Question

The sum of all integral values of $a$ for which one root of equation $(a-5)x^2-2ax+a-4=0$ is smaller than $1$ and the other greater than $2$ must be equal to

• A. $260$
• B. $261$
• C. $263$
• D. $265$

Answer 1

The correct option is B $261$

Given equation is ${(a-5)x}^2-2ax+a-4=0$. It has one root smaller than $1$ and other greater than $2$.

Then the product of roots will be less than $2$. So putting values we get,

$\frac{(a-4)}{(a-5)}<2\Rightarrow a>6$.....(1)
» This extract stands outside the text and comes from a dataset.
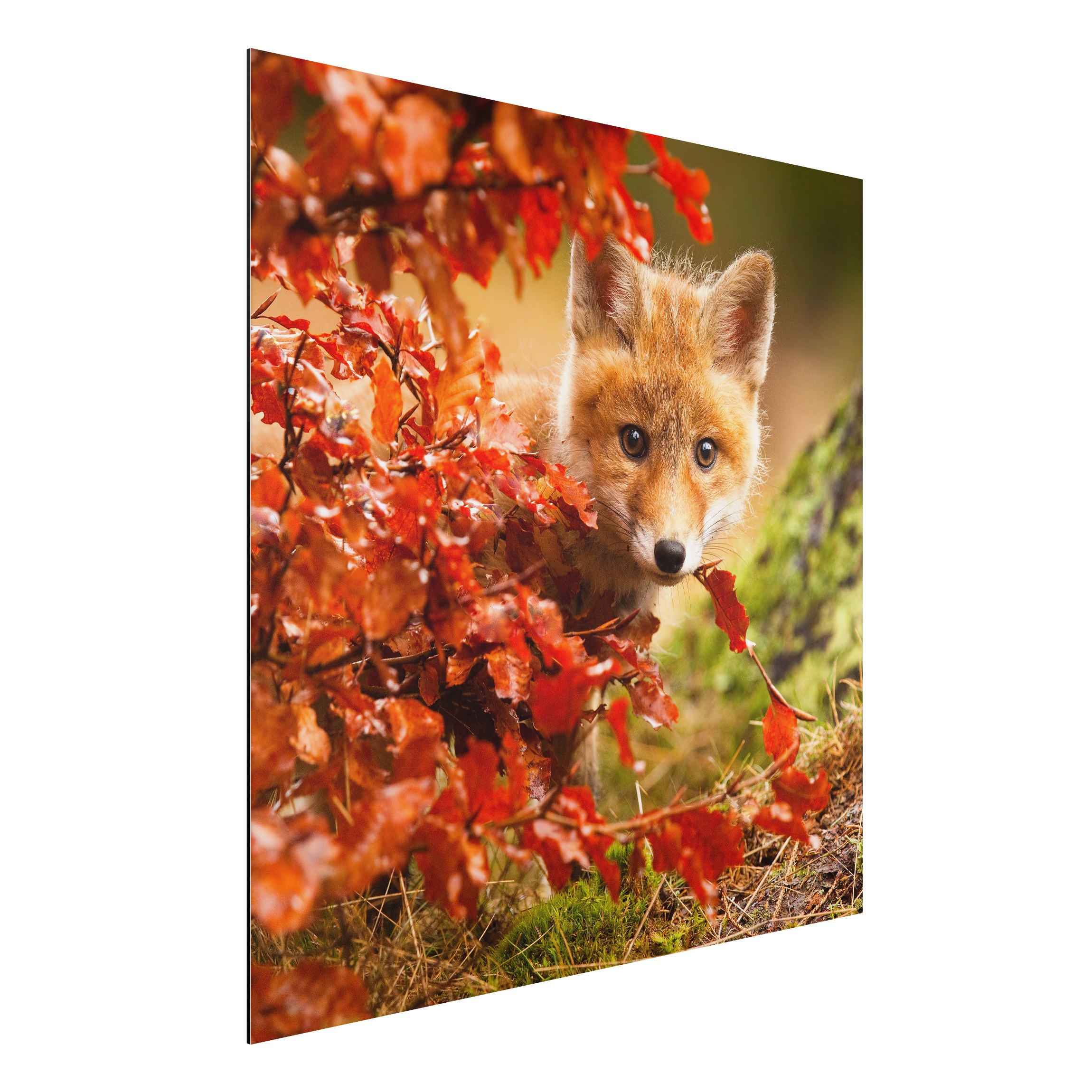 Alu-Dibond Outdoor Bild Fuchs im Herbst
Now since root is greater than $2$, then the function should have a negative value at a value of $2$.

This means, ${(a-5)2}^2-2a\times 2+a-4<0\Rightarrow a<24$....(2)

Now we will check the roots for $a=6$ and $a=24$

1. For $a=6$, we have $x^2-12x+2=0\Rightarrow x=6\pm \sqrt{34}$

So, we can see that one of the roots here is less than $1$ and other is greater than $2$. So $a=6$ is accepted value.

2. For $a=24$, we get ${19x}^2-48x+20=0\Rightarrow x=2,0$

In the obtained roots, one root is equal to $2$, so $a=24$ is not a acceptable value.

So, then acceptable integral values of a will be $6,7,8,9,...$ up to $23$.

Sum of these values $=261$